A DUBLIN firm which has developed a ground-breaking test for predicting the risk of hip fractures by analysing toenail clippings has secured funding of €1.5 million.
Crescent Diagnostics, which is based in DCU’s Invent centre, will use this funding to complete clinical trials necessary to receive regulation in Europe and the US, and ultimately to bring its patented BQT test for osteoporosis to market.
The company anticipates the BQT test, which was developed in University of Limerick, will enable GPs to diagnose patients at risk of osteoporosis-related bone fractures more quickly and cheaply.
Currently the standard screening method for the disease involves x-rays and requires a hospital visit. Crescent chief executive Ernie Poku says that once the BQT test becomes available, which he expects will happen within the next two years, GPs will simply send off a nail clipping sample from their patient and results will be made available within a matter of days.
Crescent hopes to set up a laboratory in Ireland where it will be able to analyse the protein structure of samples sent from around Europe, which will enable them to diagnose the likely risk of osteoporosis.

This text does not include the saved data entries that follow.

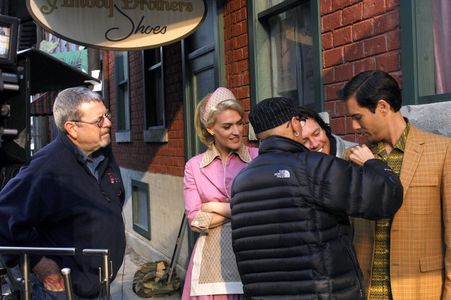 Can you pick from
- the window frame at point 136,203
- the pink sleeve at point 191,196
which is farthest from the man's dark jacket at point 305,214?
the window frame at point 136,203

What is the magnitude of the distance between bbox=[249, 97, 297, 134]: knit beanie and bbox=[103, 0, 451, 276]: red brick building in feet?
3.49

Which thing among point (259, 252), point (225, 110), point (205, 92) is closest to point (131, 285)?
point (205, 92)

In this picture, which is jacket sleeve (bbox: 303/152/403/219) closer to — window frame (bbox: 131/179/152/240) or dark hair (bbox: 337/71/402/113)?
dark hair (bbox: 337/71/402/113)

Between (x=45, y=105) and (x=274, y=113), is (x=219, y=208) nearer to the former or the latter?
(x=274, y=113)

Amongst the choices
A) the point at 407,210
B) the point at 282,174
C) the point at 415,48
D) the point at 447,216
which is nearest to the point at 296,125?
the point at 282,174

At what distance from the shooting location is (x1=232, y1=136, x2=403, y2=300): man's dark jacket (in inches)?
81.4

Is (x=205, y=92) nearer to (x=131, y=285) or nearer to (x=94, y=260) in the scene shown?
(x=131, y=285)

The current standard X-ray-based test for the disease – which causes thinning and weakening of the bones over time and increases the risk of hip and wrist fractures – assesses bone mass density.
Estimates suggest about 300,000 people in Ireland have osteoporosis. Mr Poku says early diagnosis is key, as 20 per cent of people who suffer a hip fracture die within 12 months. If a person is diagnosed early, very effective drug treatments are available.
The €1.5 million funding round was a syndicated deal between AIB Seed Capital Fund (co-managed by Enterprise Equity Venture Capital), Bank of Ireland Seed Fund (managed by Kernal Capital) and an existing venture Seroba BioVentures. The company is about 80 per cent Irish-owned.